Miatav8,MstrASE,A&P,F wrote:
I would watch the carb end while working the throttle pedal. Look for sticking or slow movement when releasing the pedal.
You probably have a single, automotive type throttle cable, a spring in addition to the carb end spring, and no quadrant (arc'd channel) for the cable to ride in. Usually on bikes, there are two throttle cables that work against each other. The only spring is the one on the carb end.
The stock handle bar twist throttle has a lever arm of about 1 inch from the pivot point. Moving the cable connection on the pedal end more than 1 inch from the pivot point would make the pedal more sensitive than stock if the carb end is stock.
The quadrant is like a cam lobe controlling the pedal to carb arm ratio. A quadrant that stays the same distance from the pivot would have a consistent rate of cable pull from idle to full throttle. A simple lever with no quadrant has a decreasing rate of cable pull from idle to WOT.
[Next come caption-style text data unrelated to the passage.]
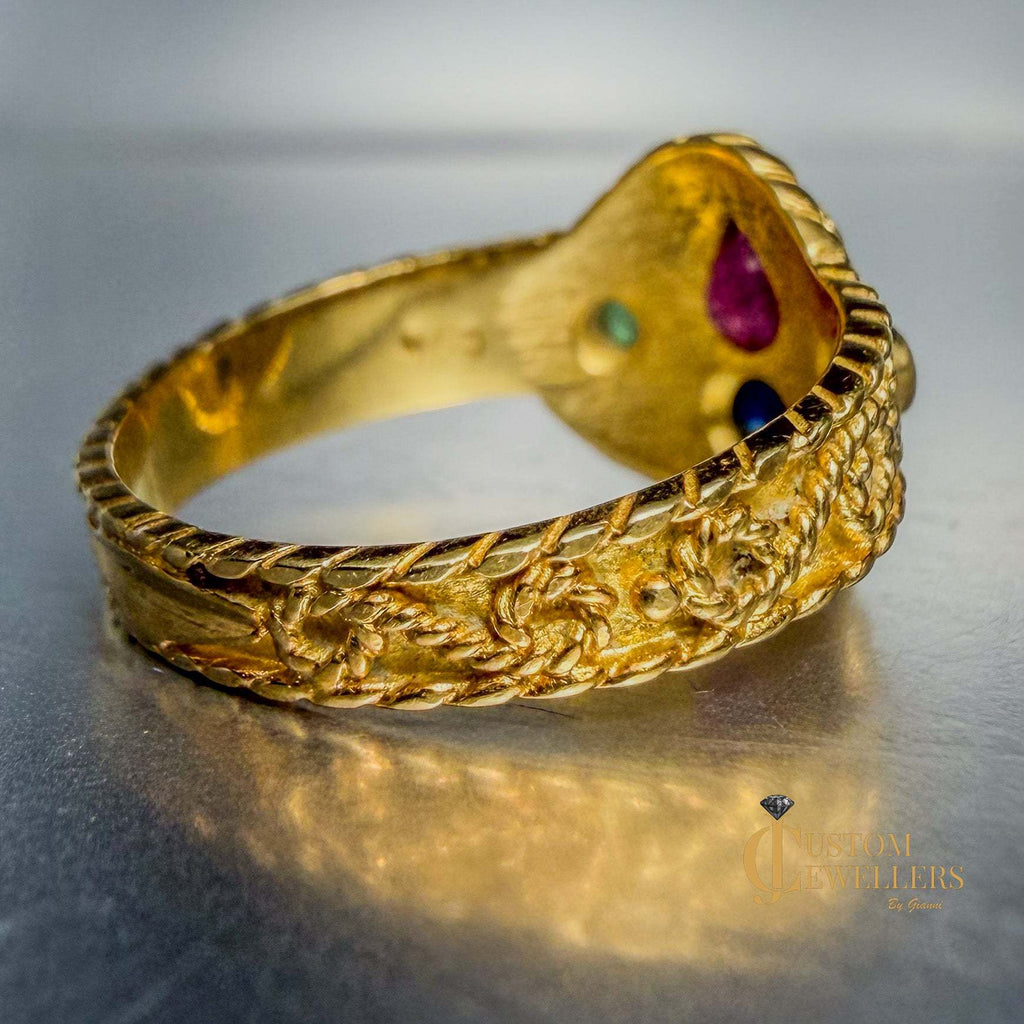 A gold bangle bracelet with intricate floral engravings and a heart-shaped end decorated with small colored gemstones, shown on a reflective gray surface.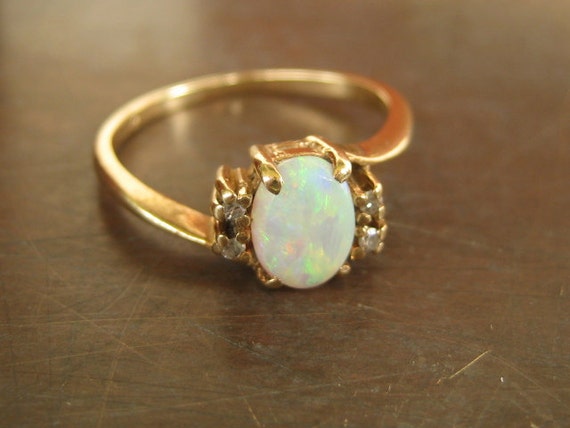 Items similar to CHRISTMAS HOLIDAY SALE solid 10k gold opal and 4 ...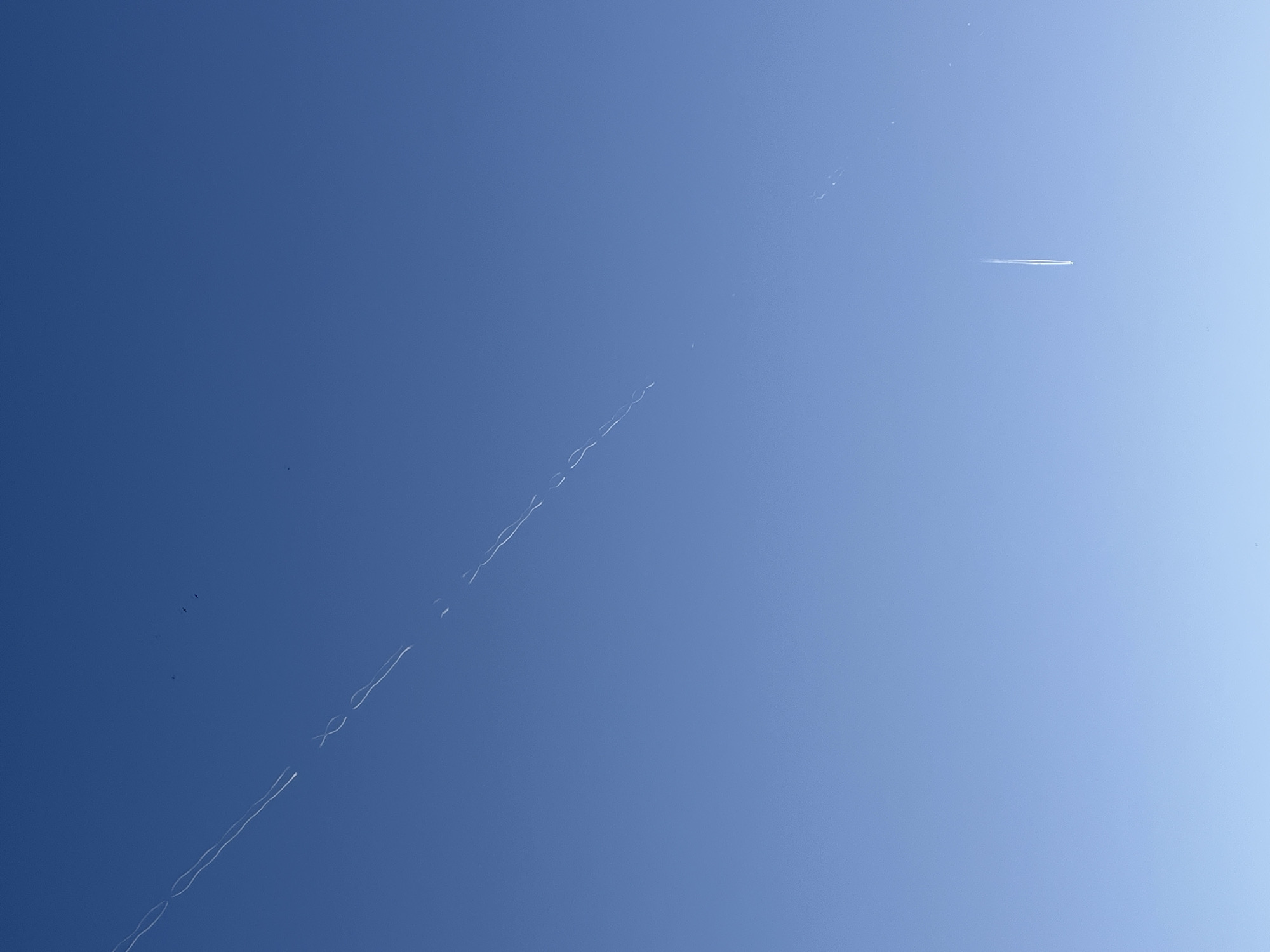 A clear, blue sky fills the frame. Several contrails of airplanes are visible. One contrail is relatively straight and short, located in the upper right quadrant. Another contrail is longer and more sinuous, appearing as a dotted line, descending from the upper center towards the lower left corner of the frame. A small cluster of dark objects, possibly birds, is visible in the lower left quadrant.
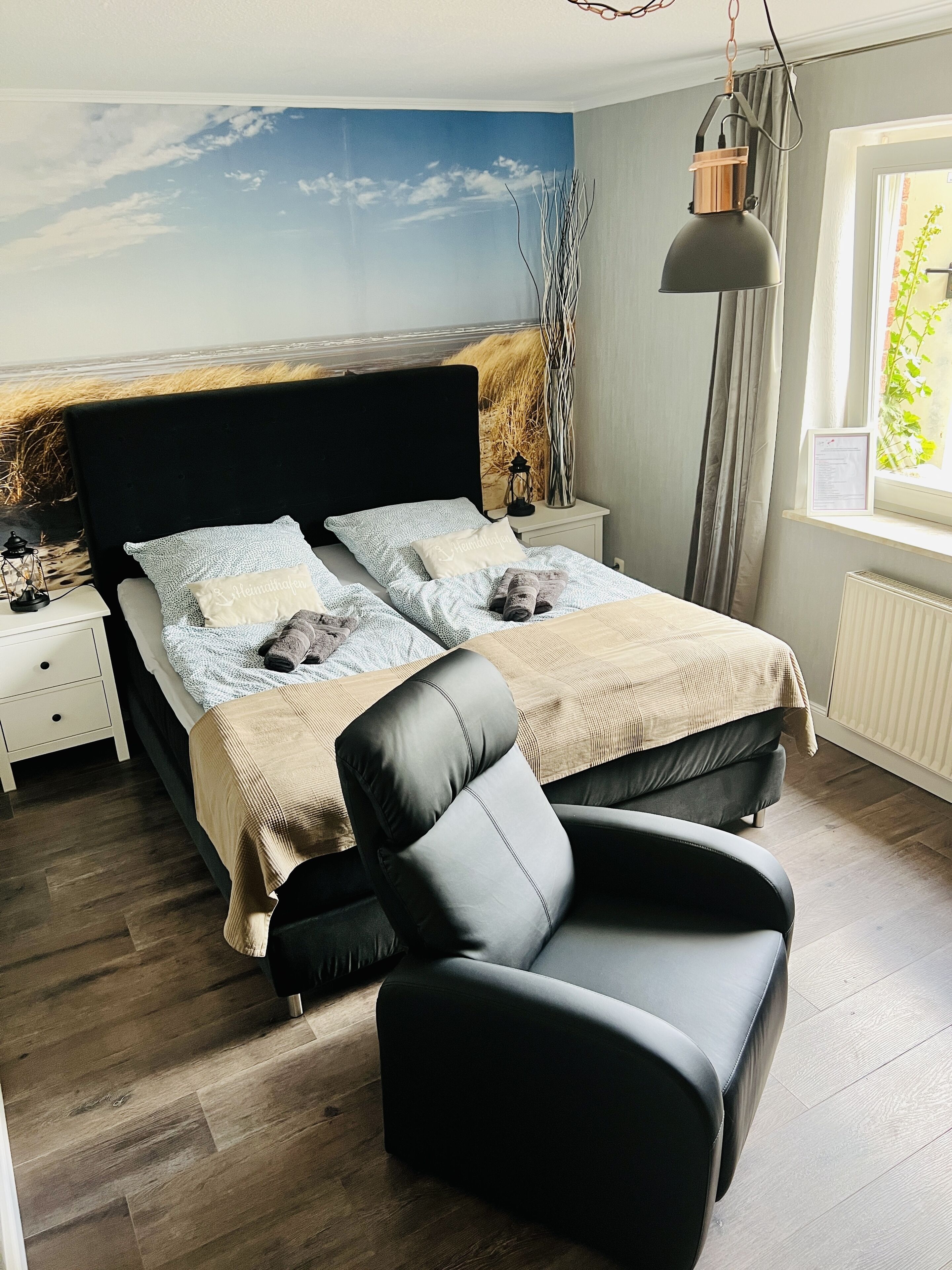 Een slaapkamer met een groot bed, twee nachtkastjes, een zwarte leren fauteuil, een hanglamp en een raam met uitzicht op groen.
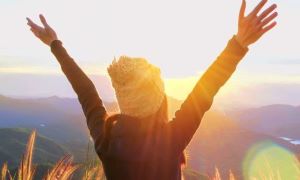 Woman with hands raised in a mountain setting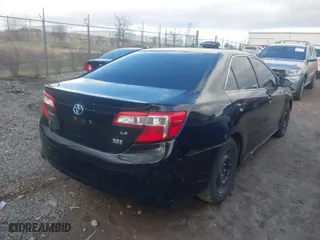2012 Toyota Camry Hybrid XLE with VIN 4T1BD1FK4CU027058, listed as a IAAI auction lot 41979201 with 281,983 mi miles. Bid and sale history available at carsss.com. Image 4.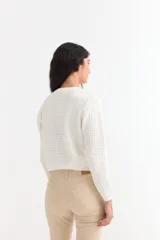 Sweater de punto con textura tipo waffle, color blanco, de corte clásico con cuello redondo y mangas largas.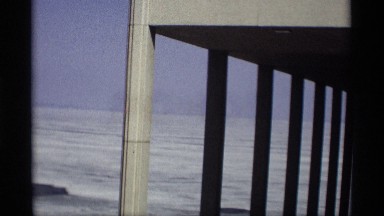 1966: one building in pillar model in front with trees and another pillars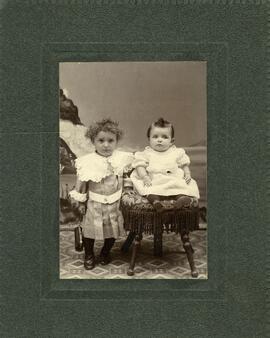 Photographie de deux jeunes enfants (bébé et petite fille à la sacoche)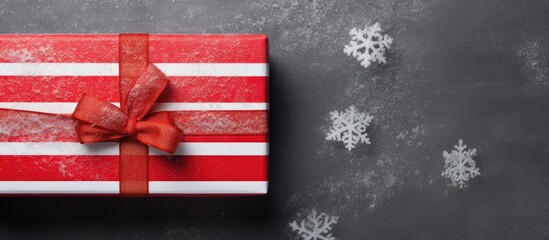 Poster - A handmade box with red striped paper adorned with fir and snow represents the concept of Christmas and New Year Seen from above on a grey background there is ample copy space in the image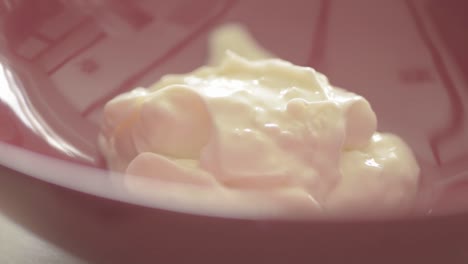 spooning creamy yoghurt into a bowl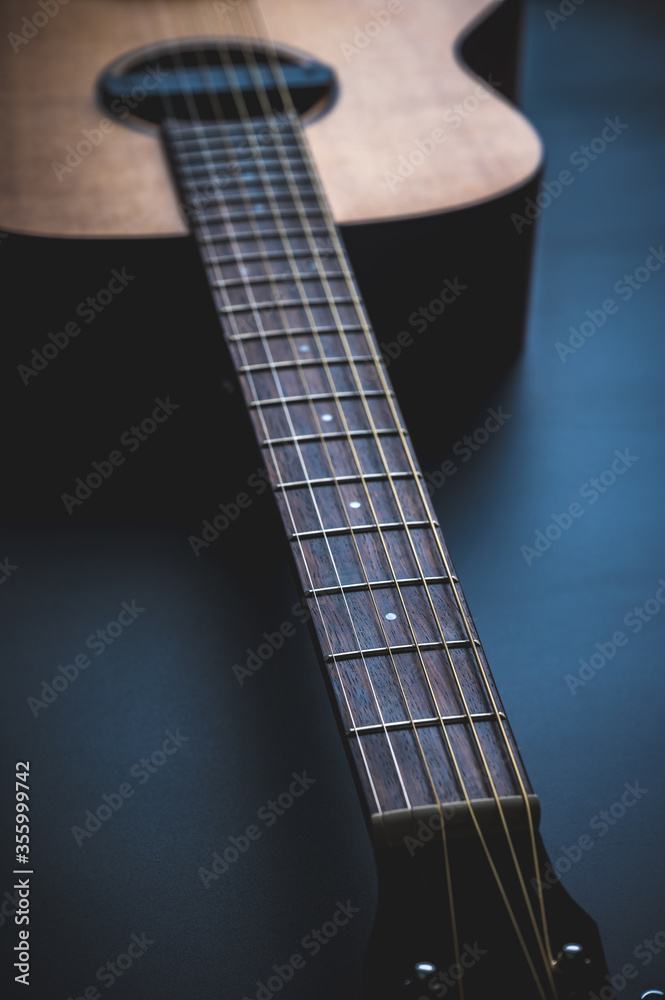 Fototapeta premium Acoustic guitar, music instrument resting against a dark black background with copy space, Close-up of wooden classic guitar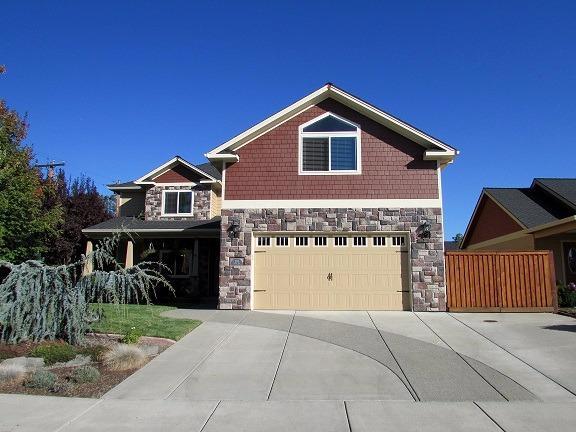 1945 Rabun Way Central Point, OR 97502 - Photo 2 of 30 a front view of a house with a yard and garage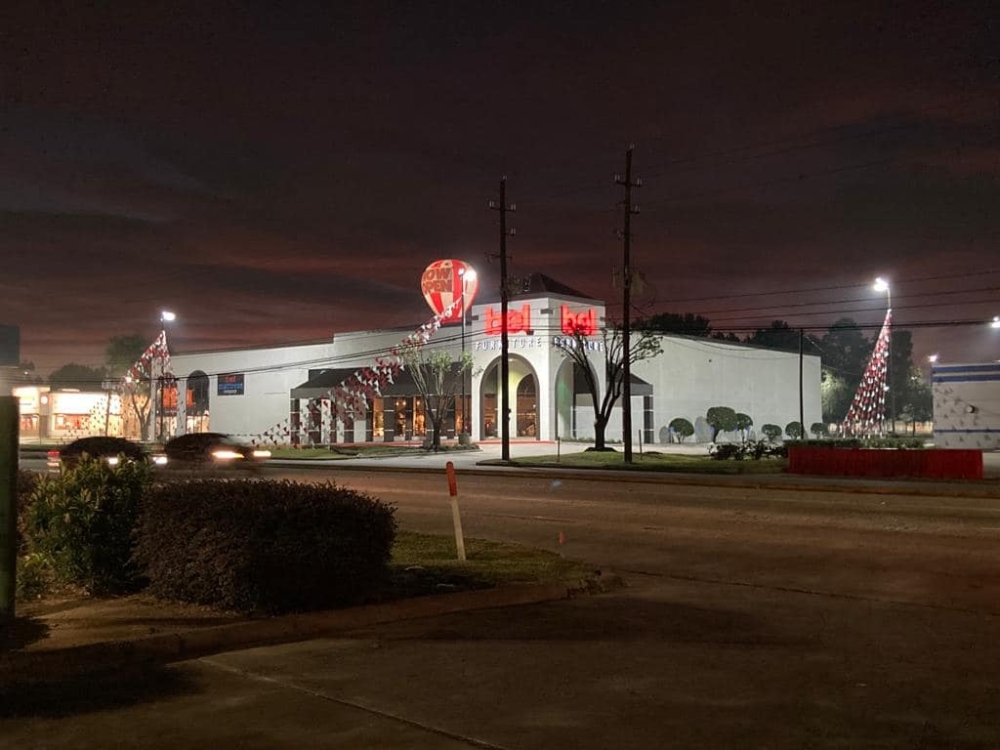 Bel Furniture celebrates grand opening of 20th location with Champions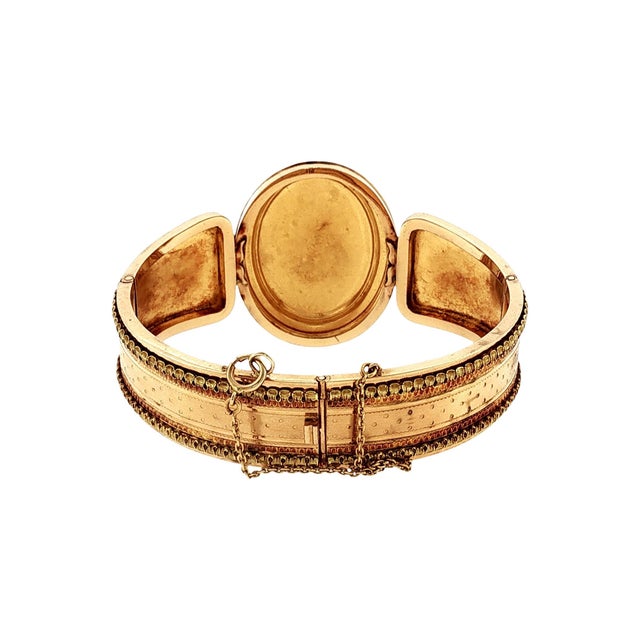 An exquisite mid-19th-century hand-fabricated and engraved hinged bracelet. Crafted from 18k gold and platinum (rare for...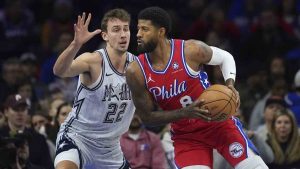 Philadelphia 76ers' Paul George, right, tries to get past Orlando Magic's Franz Wagner during the first half of an NBA basketball game, Friday, Dec. 6, 2024, in Philadelphia. (Matt Slocum/AP)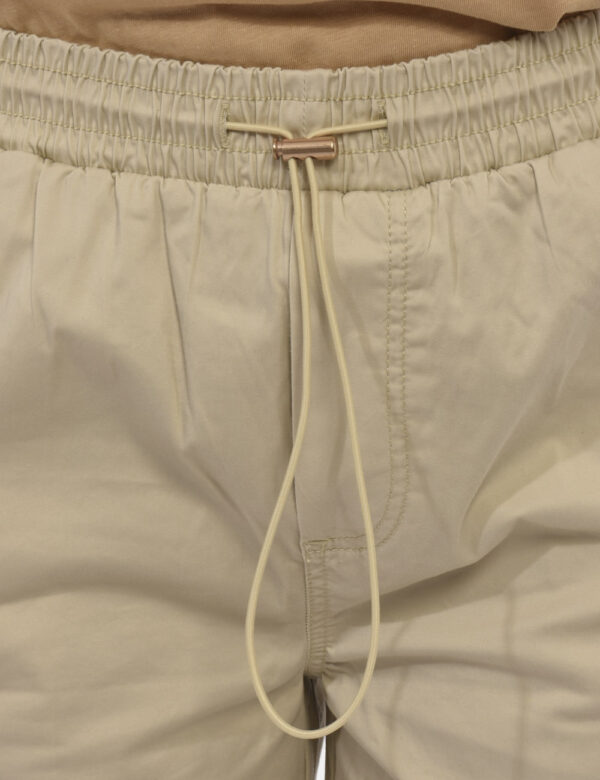 Shorts Yes Zee Beige - Shorts beige con coulisse in vita. Dettaglio fiore applicato sul finaco destro e medaglietta logo sul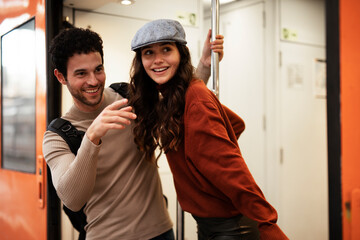 Beautiful couple at railway station waiting for the train. Young woman and man waiting to board a train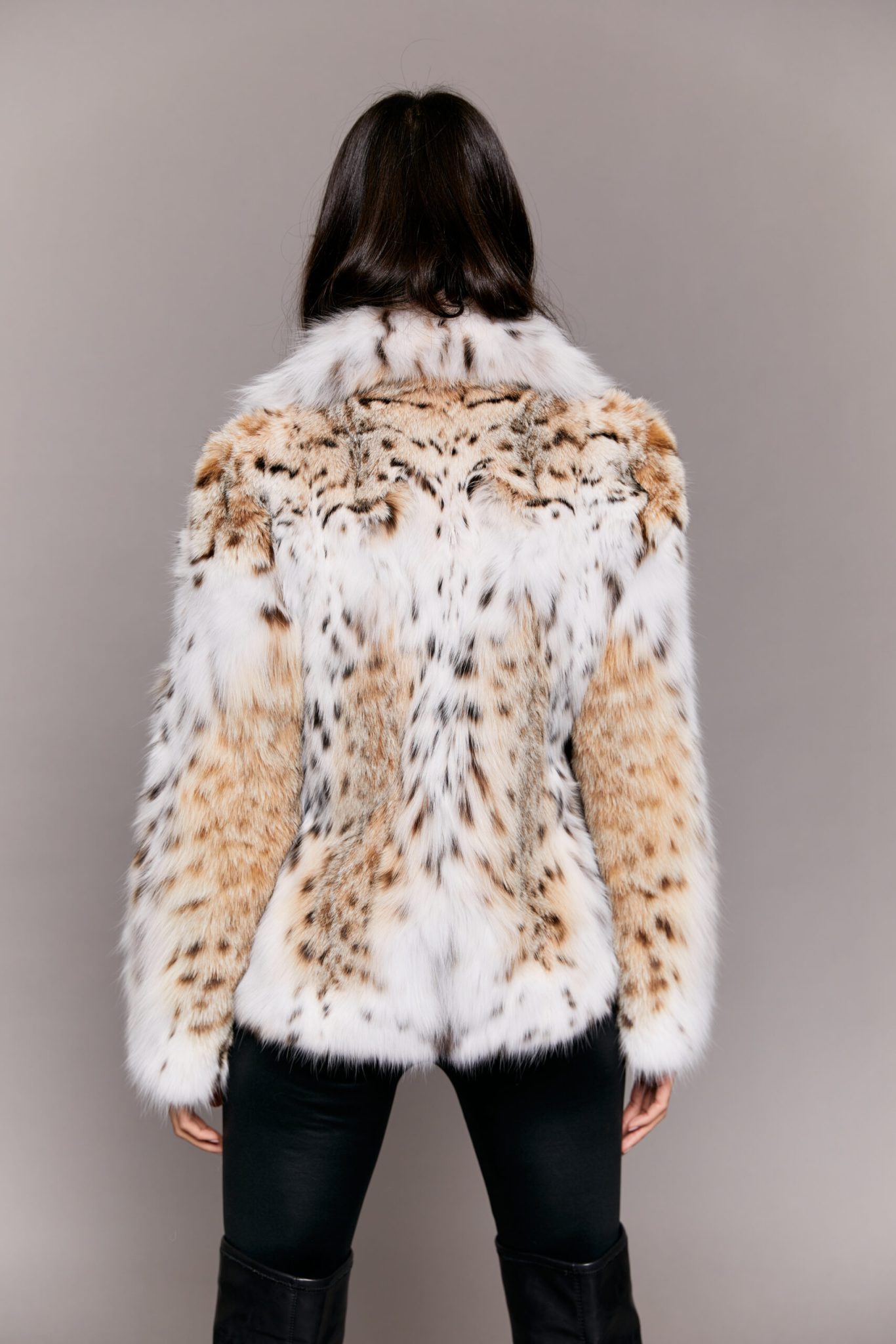Rear view of a woman wearing a lynx fur jacket facing a grey background.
IMHO, the preferred set up would be a quadrant that gets further from the pivot as the throttle is opened. It would be less sensitive near closed throttle (when you want to be smooth) and more rapidly apply full throttle. Also, pedal travel would be less compared to a simple lever.
Agreed 100 percent. Being from the bike world he is exactly right. On a bike the ratio of the throttle bodies opening becomes smaller as you twist the trottle in a linear speed (equal throughout).
Think of a cam lobe. When you first start twisting the throttle the radius is small. As you twist it more the radius of the lobe that the cable rides on increases in radius.